* _Brief_: Repeat the listing that follows, character for character, minus the pictures.

* _Provided entries_:
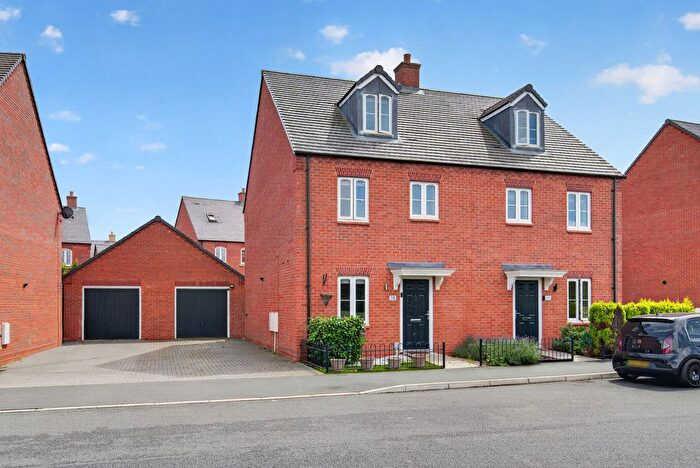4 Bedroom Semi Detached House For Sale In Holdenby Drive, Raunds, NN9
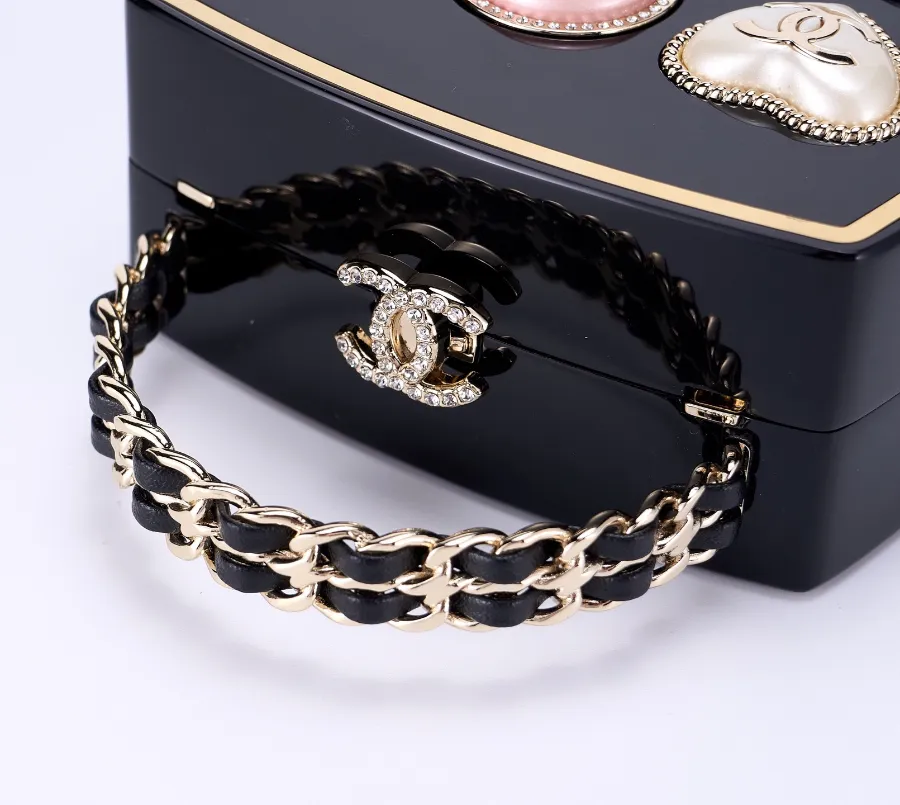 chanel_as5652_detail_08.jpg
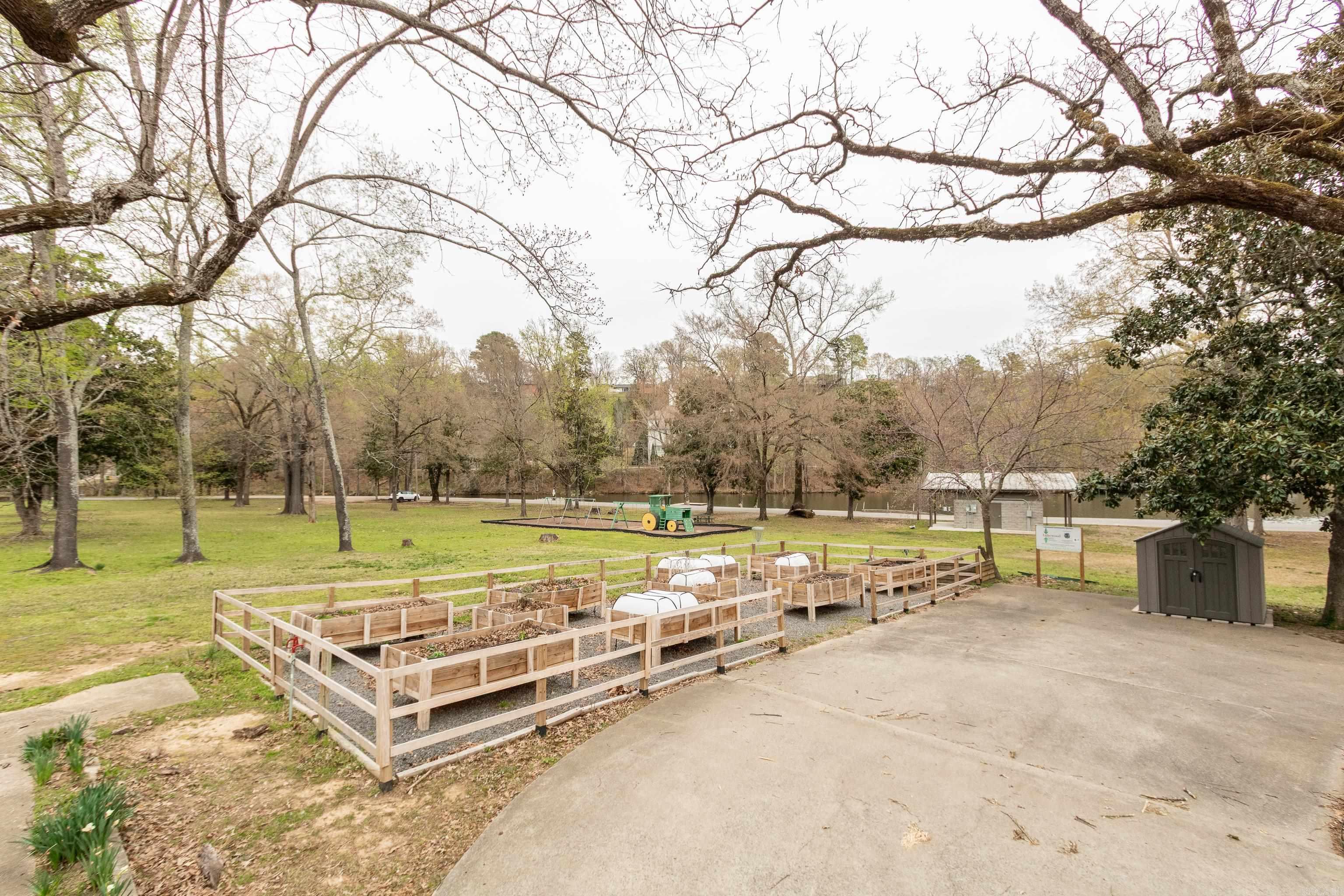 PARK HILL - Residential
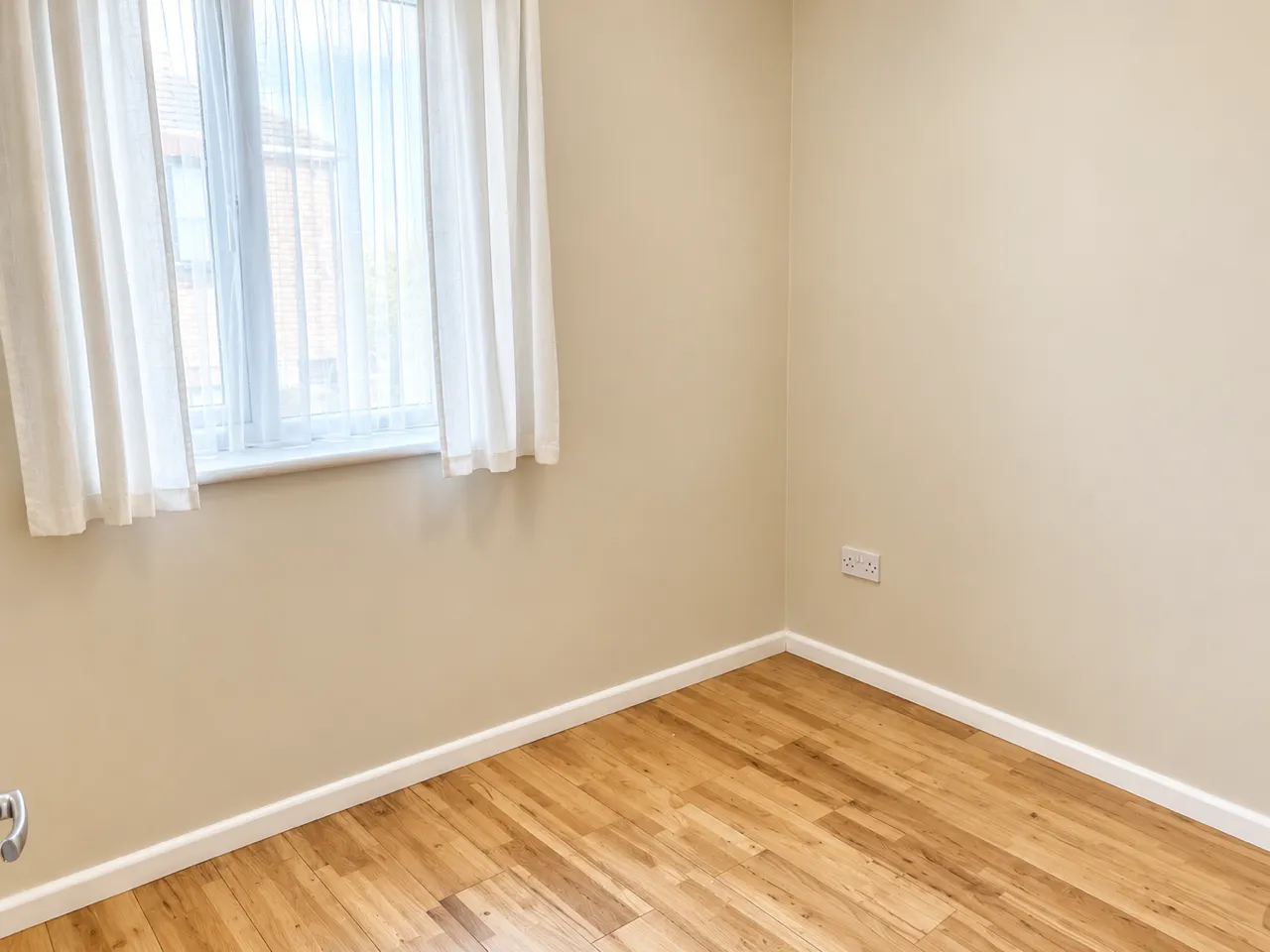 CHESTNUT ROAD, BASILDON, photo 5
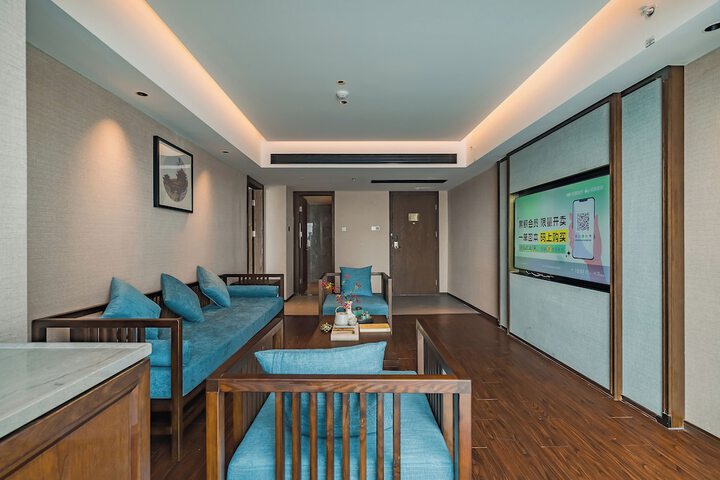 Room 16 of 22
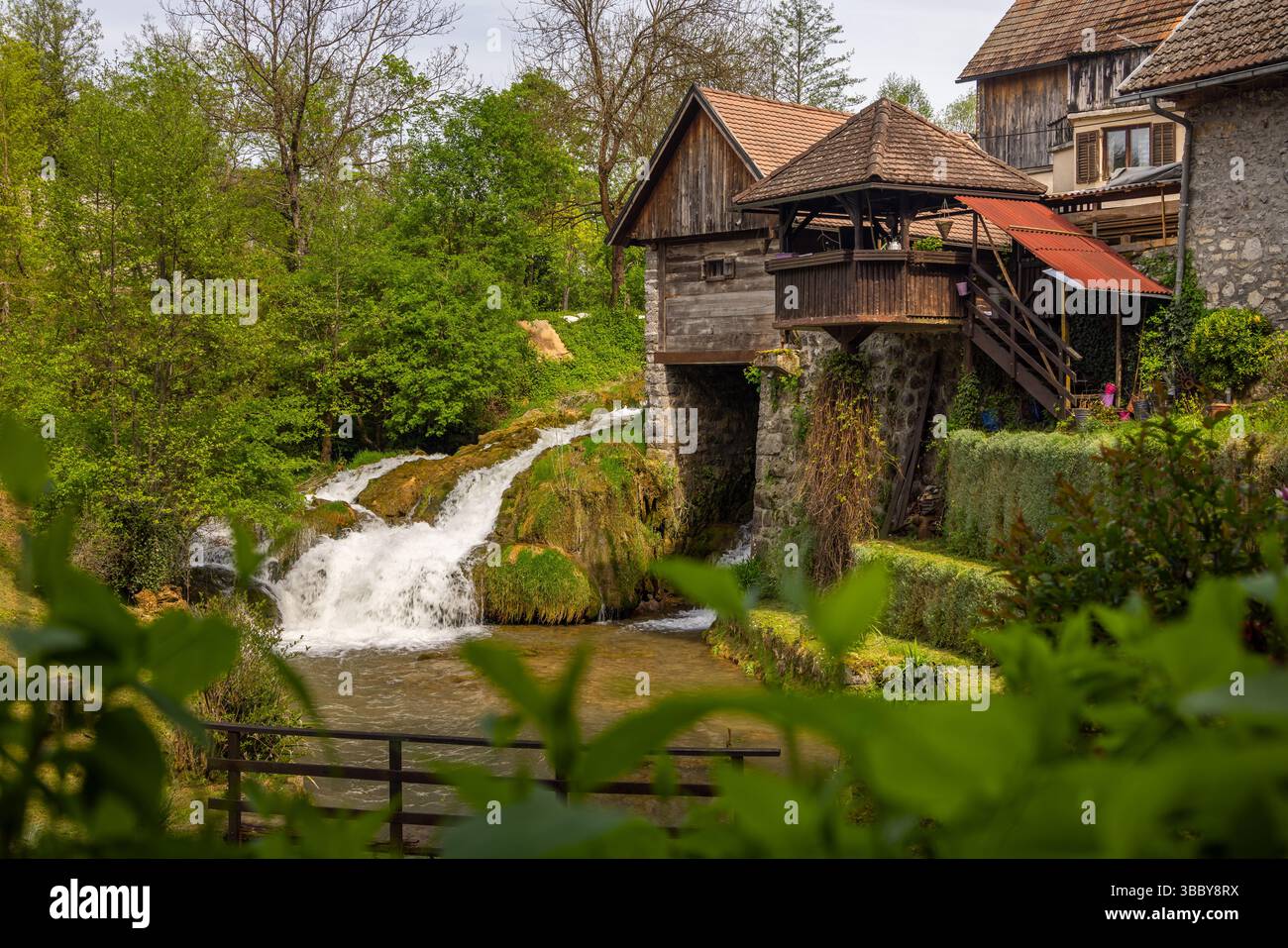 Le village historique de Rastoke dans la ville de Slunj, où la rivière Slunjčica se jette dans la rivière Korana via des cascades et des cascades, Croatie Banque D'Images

* _Written solution_:
4 Bedroom Semi Detached House For Sale In Holdenby Drive, Raunds, NN9
 chanel_as5652_detail_08.jpg
 PARK HILL - Residential
 CHESTNUT ROAD, BASILDON, photo 5
 Room 16 of 22
 Le village historique de Rastoke dans la ville de Slunj, où la rivière Slunjčica se jette dans la rivière Korana via des cascades et des cascades, Croatie Banque D'Images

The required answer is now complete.